● Prompt
Begin at the line holding "Anessa Perfect UV" and set down exactly each line through the last one below, omitting pictures. Include nothing else.

● Data segment
++++++++++++++++++++
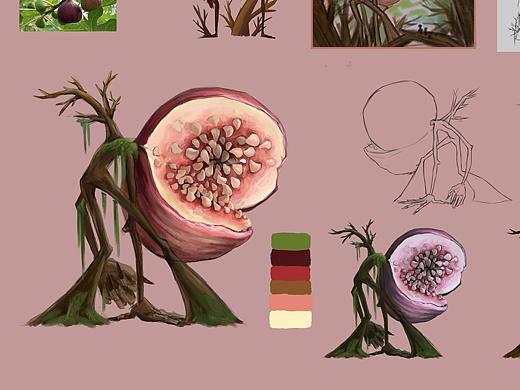 游戲角色設計-無花果怪物（個人主頁-ZNDc5MjEyNzY=） - 概念設定 - 站酷設計師xiaoyunzhang原創(chuàng)素材 - 站酷ZCOOL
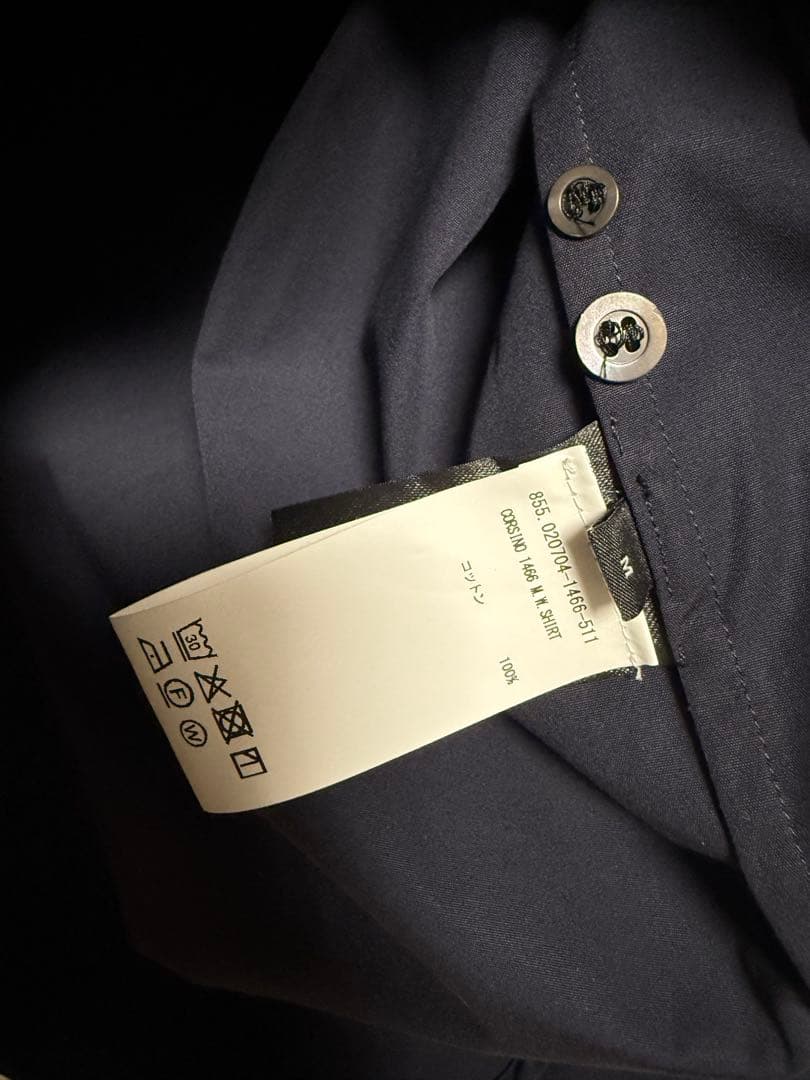 DRIES VAN NOTEN 25SS ハイネックシャツ 新品未使用 タグ付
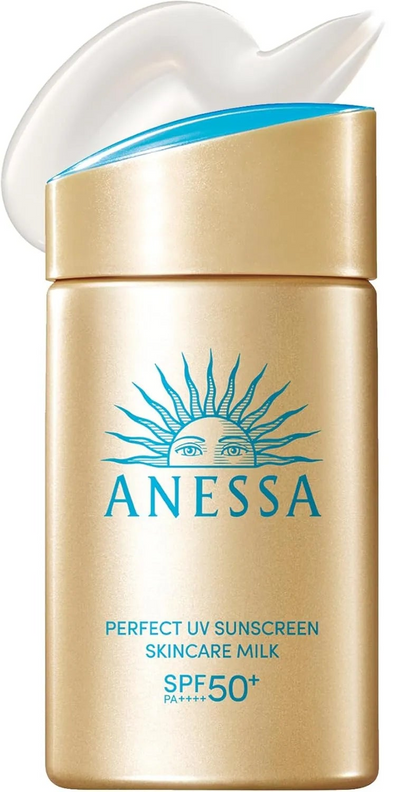 Anessa Perfect UV Sun Milk SPF50+ PA++++ Face & Body 60ml 5-Pack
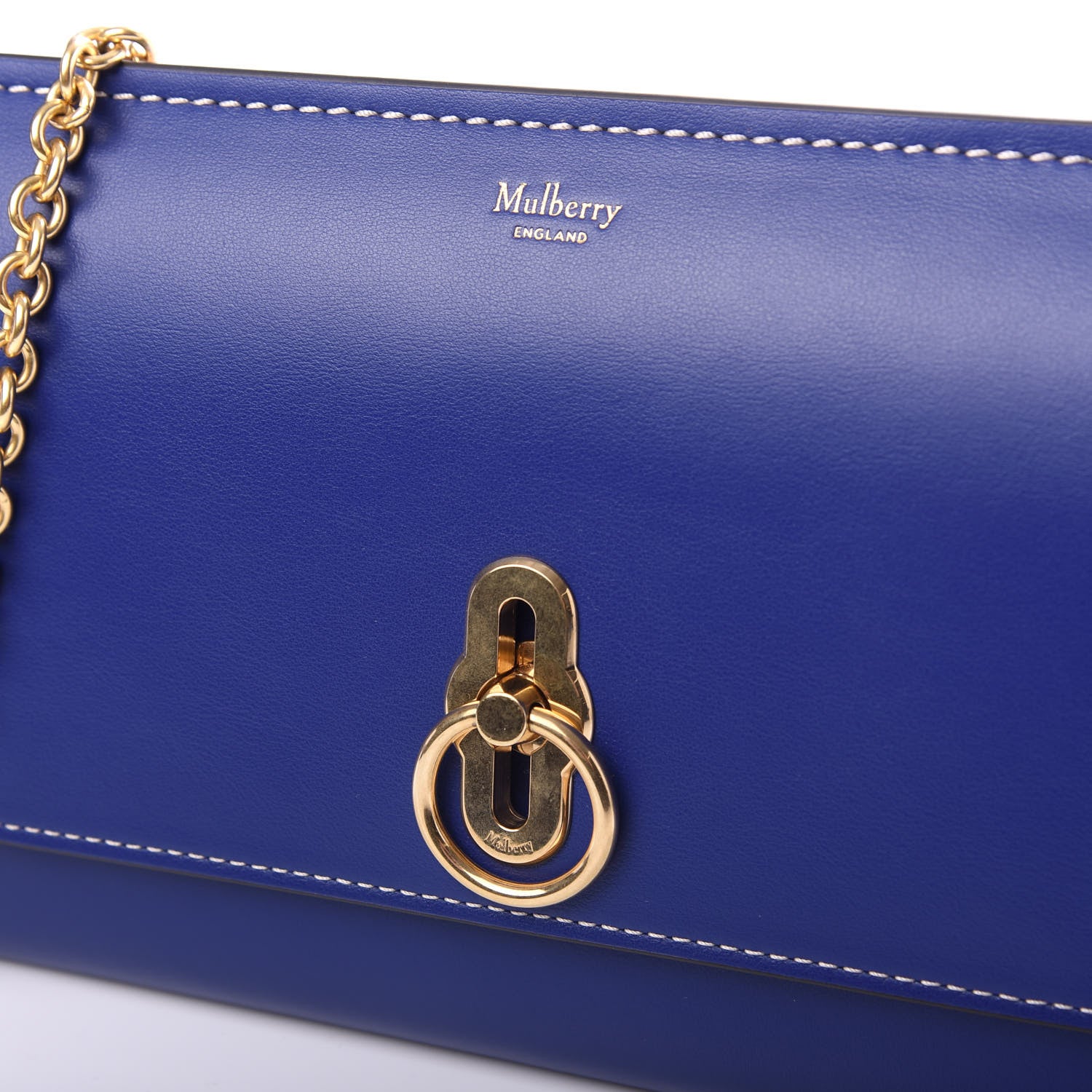 Mulberry Smooth Calfskin Amberley Convertible Clutch Cobalt Blue 9 of 9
++++++++++++++++++++
● Response to the exercise
 Anessa Perfect UV Sun Milk SPF50+ PA++++ Face & Body 60ml 5-Pack
 Mulberry Smooth Calfskin Amberley Convertible Clutch Cobalt Blue 9 of 9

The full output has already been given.